Monday, January 31, 2011

2011 Chunkster Reading Challenge #2

Every now and again I get the itch to read some nonfiction. Occasionally it works out that the book just bores me, even if its about a seemingly interesting subject, and other times the subject is handled so charismatically as to compel me to race to the end leaving me hungry for more interesting nonfiction. The Age of Wonder: The Romantic Generation and the Discovery of the Beauty and Terror of Science, fortunately, was the latter of the two. 'Age of Wonder' immediately grabbed me with the opening tale of young Joseph Banks sailing aboard the 'Endeavor' with the legendary Capt. Cook, and their landing on the pristine island of Tahiti. It made me wish I could have been there, and not for the purely 'wholesome' reason of untouched paradise. (read the book and you'll figure it out)

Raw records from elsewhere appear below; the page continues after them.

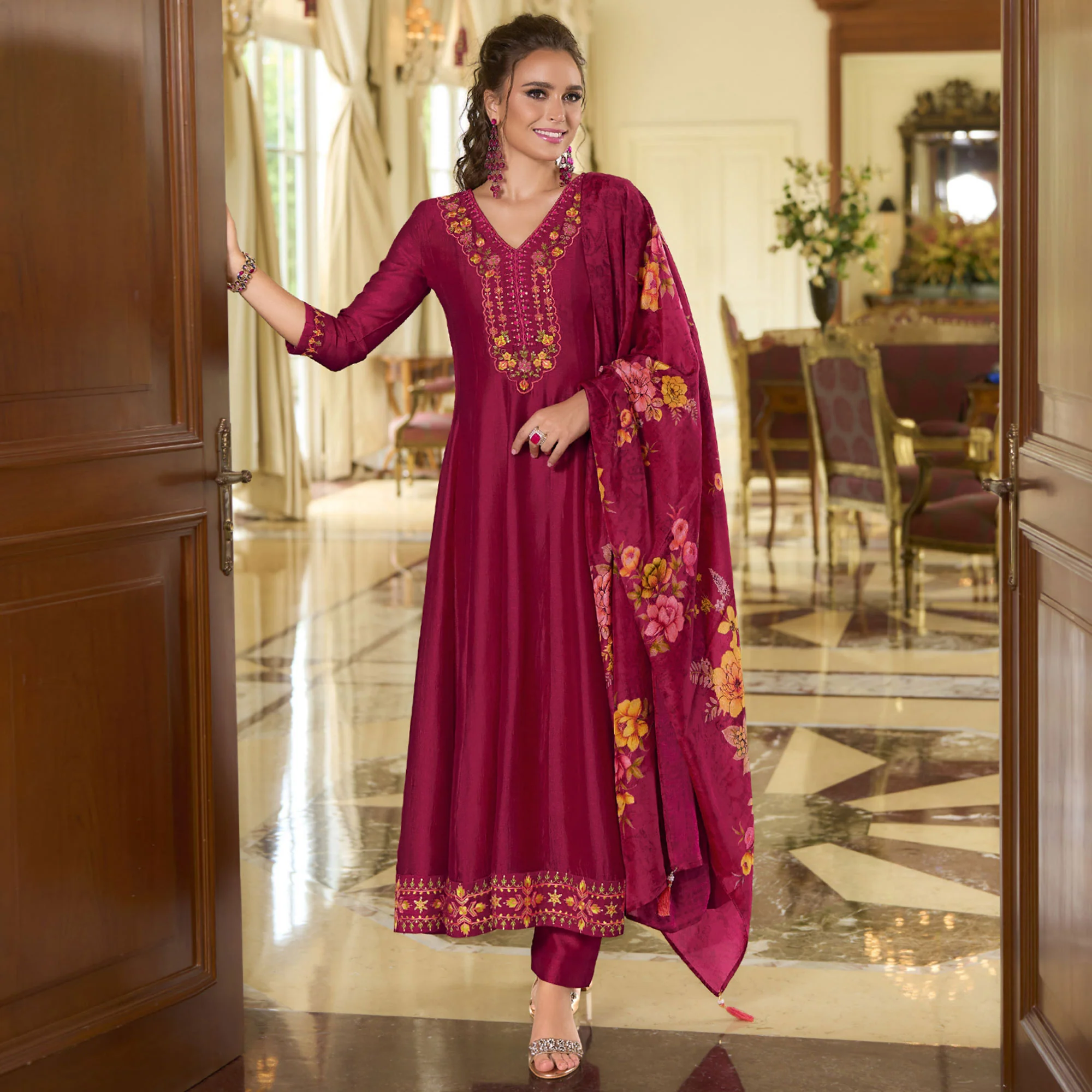 Magenta Embroidered Vichitra Silk Anarkali Salwar Suit - Image 2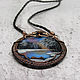 Pendant with mother-of-pearl painting as a gift, copper Mirror of Winter. Pendant. moyaksessyar. My Livemaster. Фото №6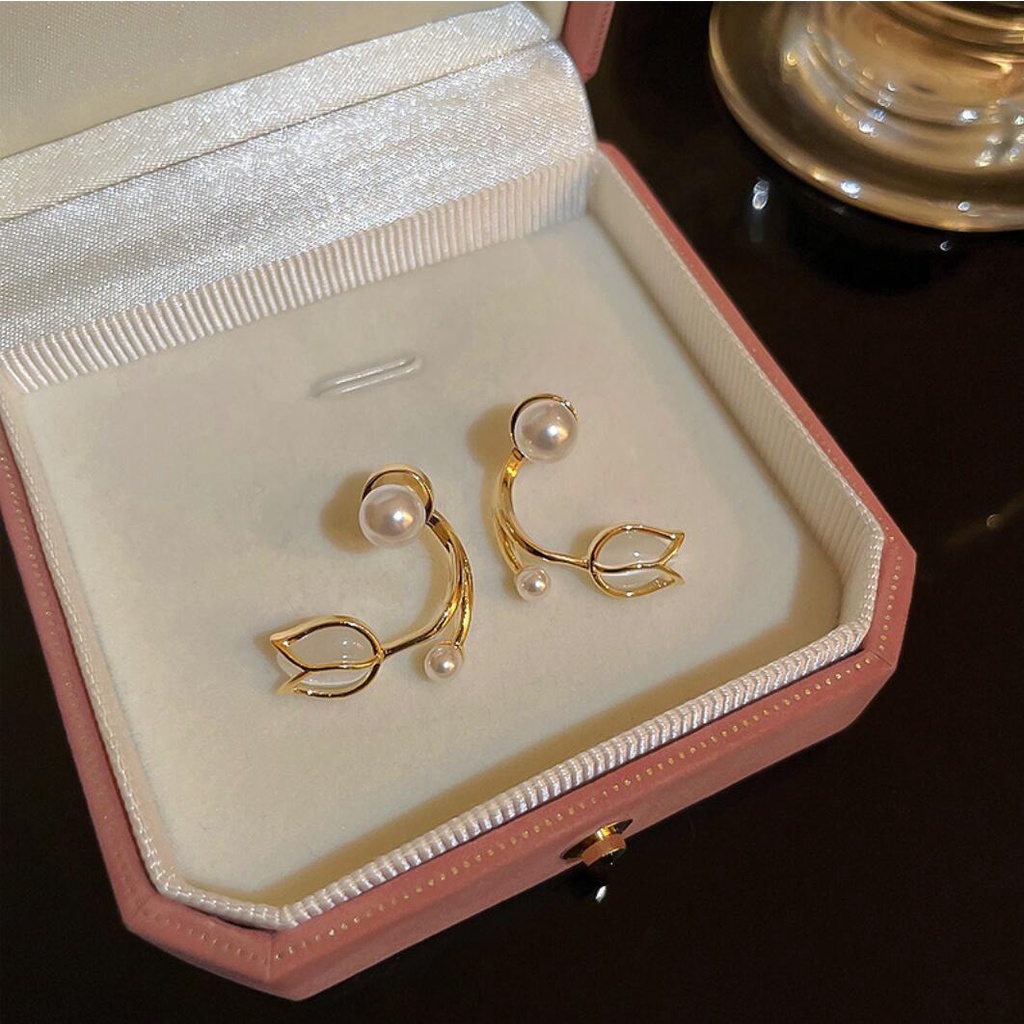 Bông Tai Mạ Bạc 925 Hình Hoa Tulip Thời Trang Dành Cho Nữ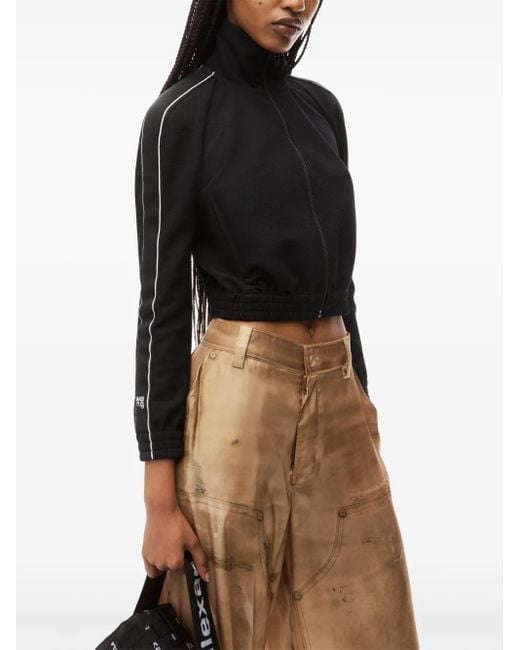 Alexander Wang Black Logo-Tape Cropped Track Jacket
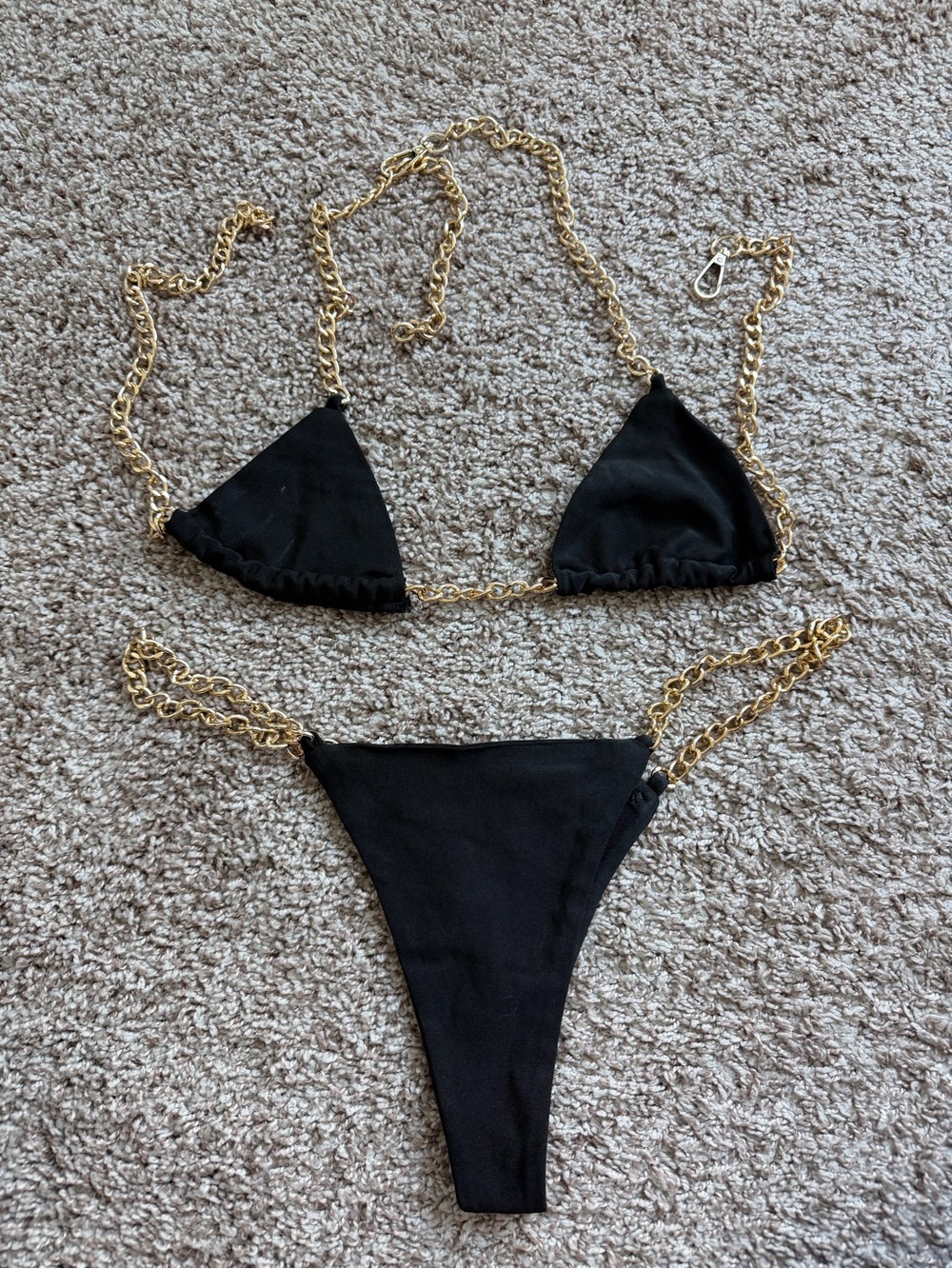 Fashion Nova Black Bikini Set with Gold Chain Straps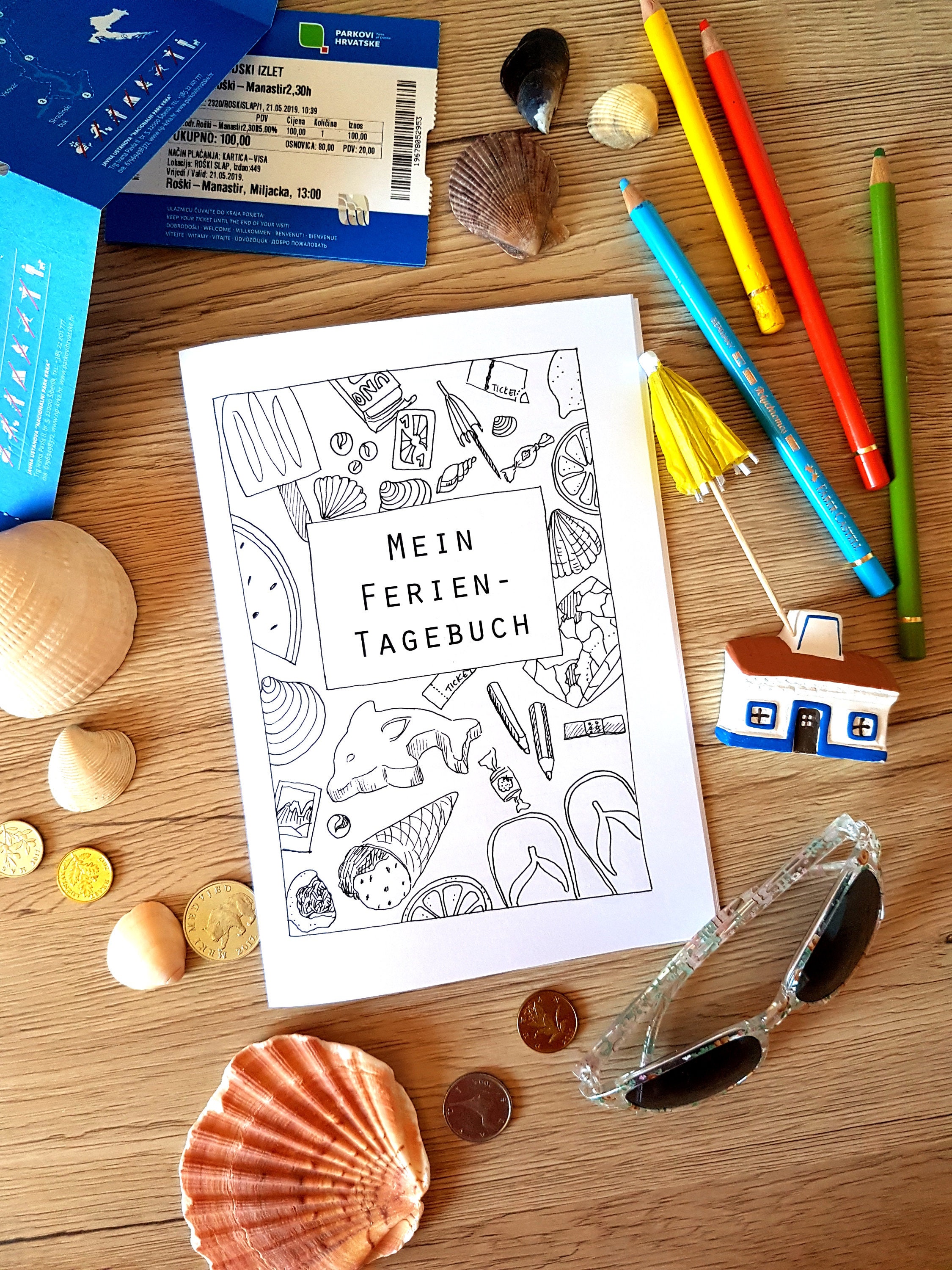 Ferientagebuch Fur Kinder Pdf Sofort Download 20 Seiten Etsy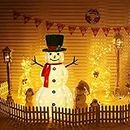 FISHOPE 4FT Led Lighted Christmas Snowman for Outdoor Lawn Yard Garden, Pre-Lit Light Up 160 LED Christmas Snowman, Collapsible Holiday Pop Up Christmas Snowman for Indoor Party Decor (Plush Snowman)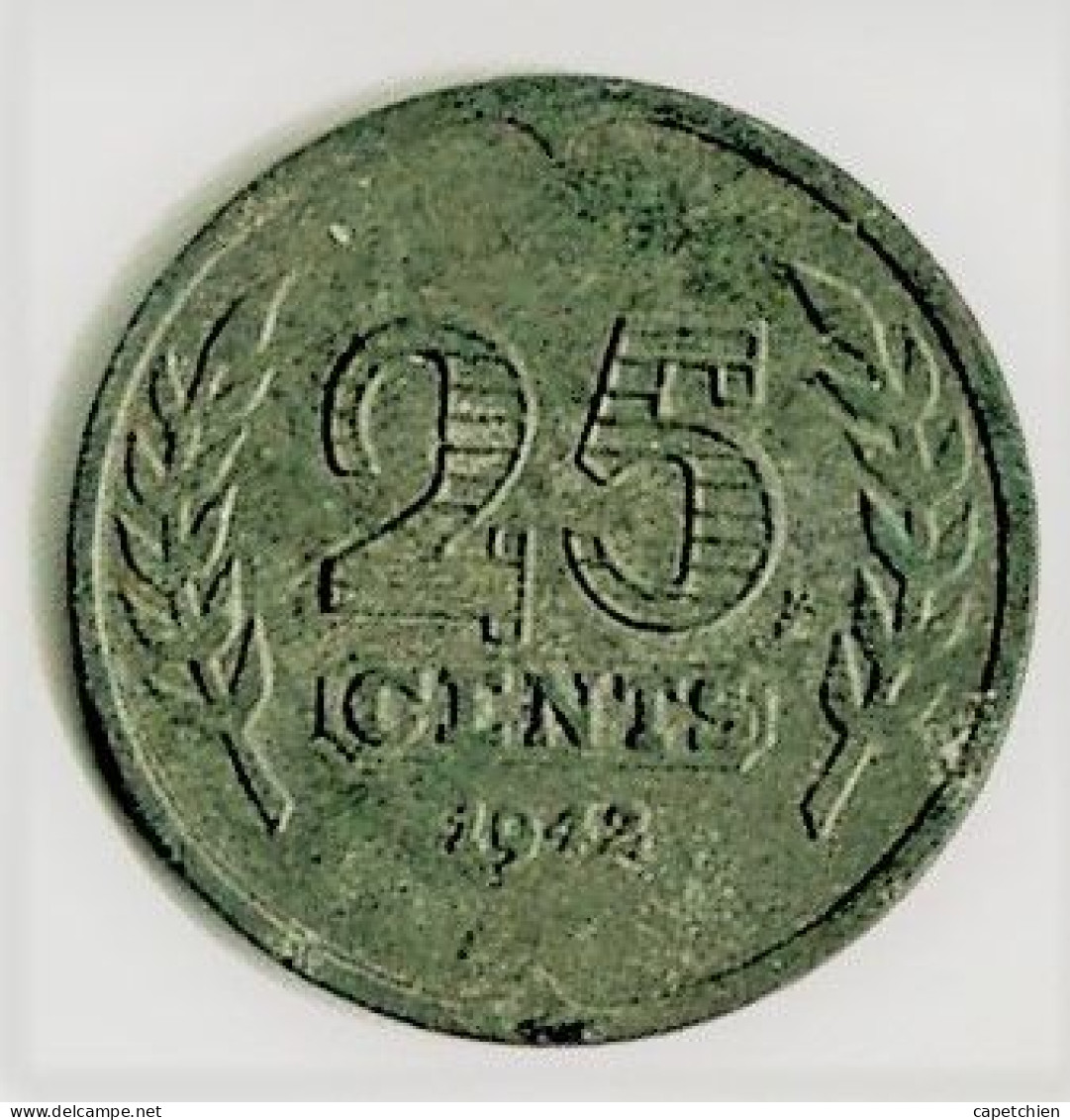 PAYS-BAS / 25 CENTS /1942 / ZINC - 5 Centavos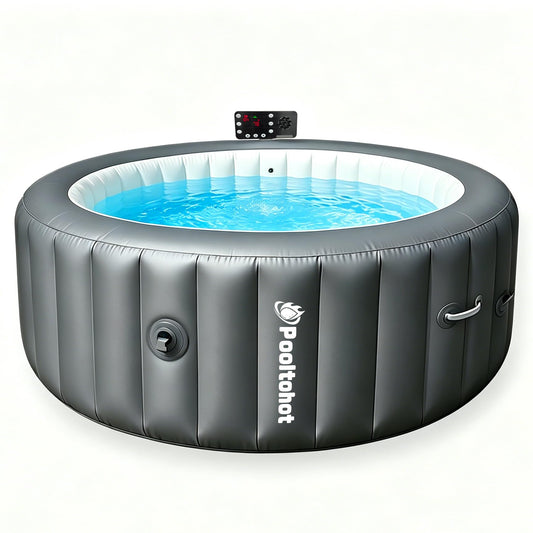 POOLTOHOT Inflatable Hot Tub 71" x 28", Portable Hot Tubs Built-in Heat Pump and 6-Color Lights for 2-4 Person, Blow Up Outdoor Hot Tubs with 143 Soothing Air Jets and Filter System for SPA (Grey)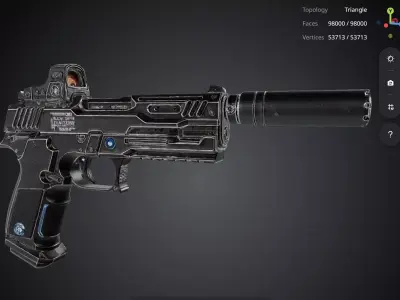 Pistol 3D model 2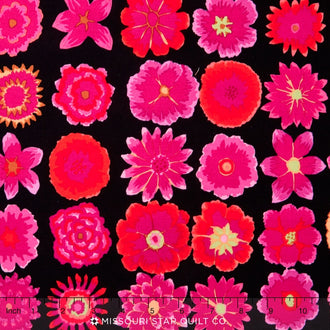 Kaffe Collective - Jewel Button Flowers Black Yardage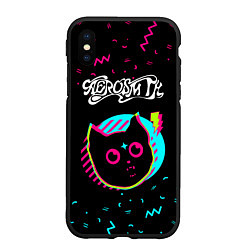 Чехол iPhone XS Max матовый Aerosmith - rock star cat, цвет: 3D-черный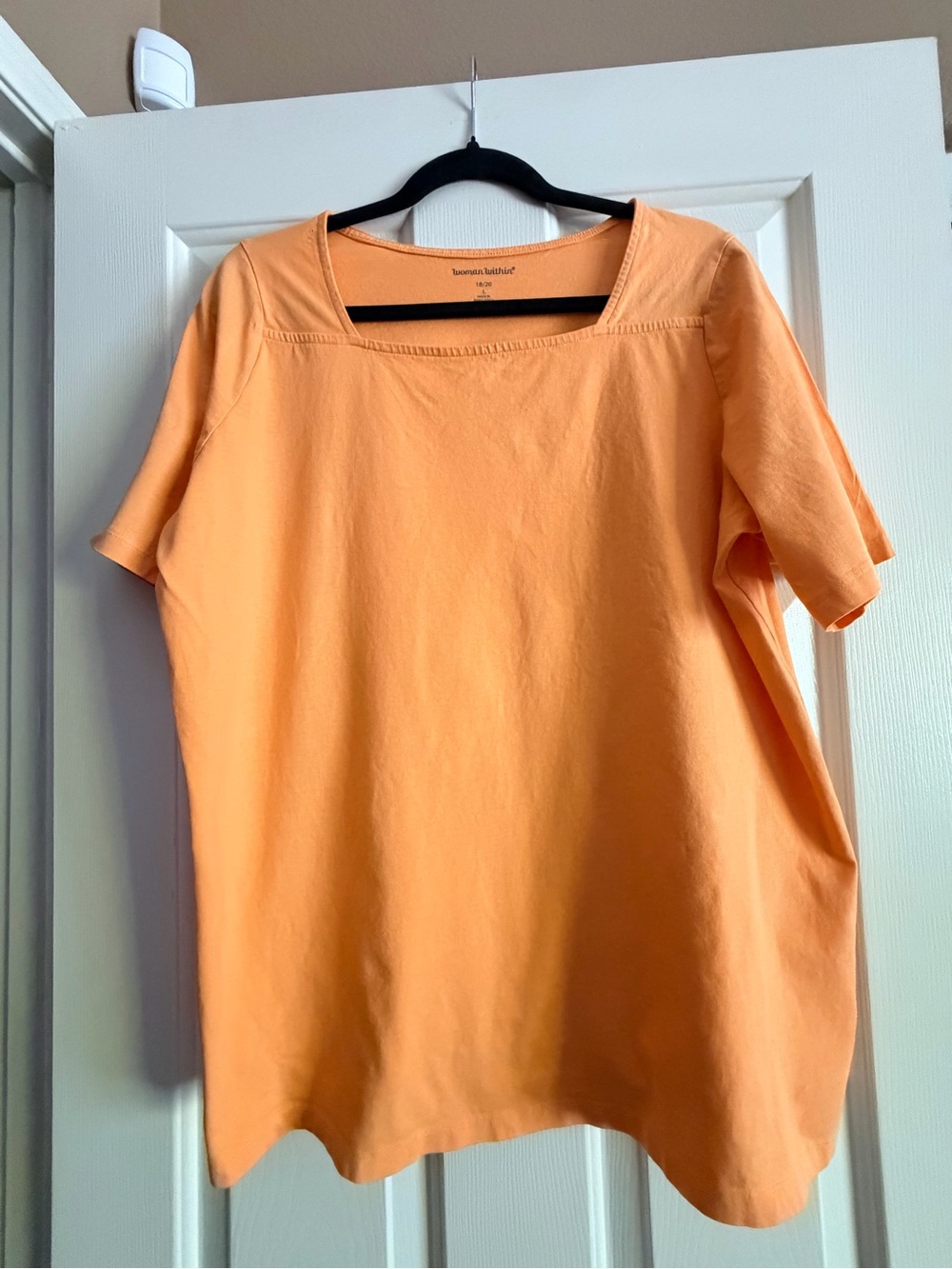 Woman Within Peach Square-Neck Short Sleeve Tee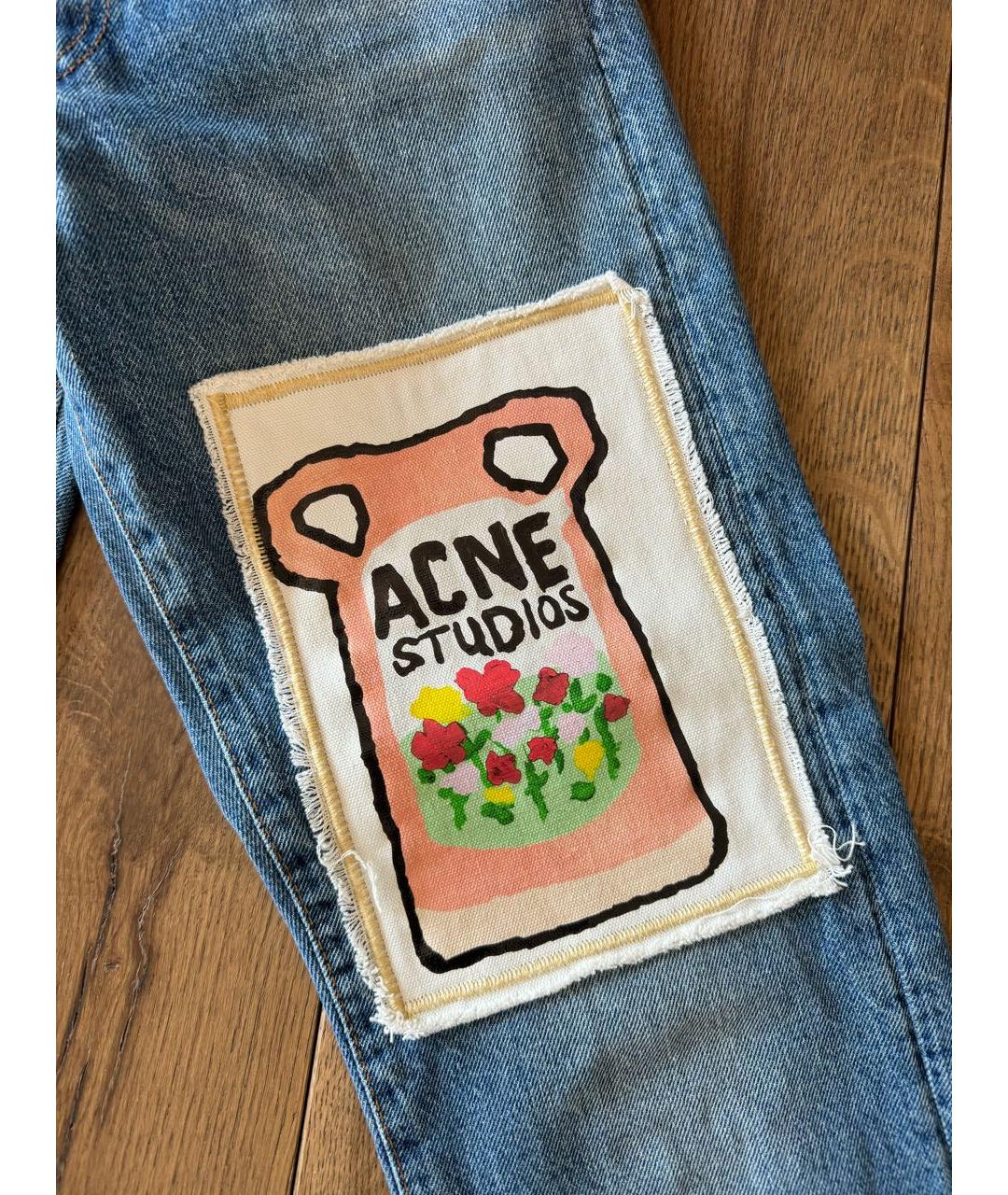 ACNE STUDIOS Синие хлопковые прямые джинсы, фото 4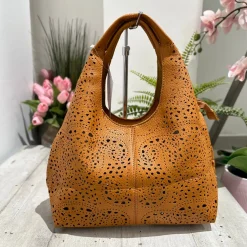 Laser-Cut Faux Leather Bag with Inner Pouch and Strap – Tan, BRIDGET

From there we follow Banks and a whole slew of other brilliant men and women that Banks encourages and funds from the presidency of the 'Royal Society of Science' as they launch the first air balloons, explore the heavens discovering new planets, comets, and nebulae, and make the first real endeavors into serious chemistry. These same great minds also encounter and socialize with the great poets and writers of the day, inspiring the likes of Erasmus Darwin (Charles' grandfather) to write his epic poem 'The Botanic Gardens', Coleridge, Lord Byron, as well as both Percy Bysshe Shelley's poetry and his wife Mary's creation mad scientist Victor Frankenstein.
Also, the intermixing of an array of amazing scientific discoveries and the poetry they inspired gives the book an interesting and arresting balance of scientific and artistic analysis.
I found this book to be an astounding success, as it was about a new spark of scientific discovery and the need and hunger for knowledge, because that is what it has left me with, a hunger for more knowledge of scientific discoveries, and most of all a hunger for more books like it.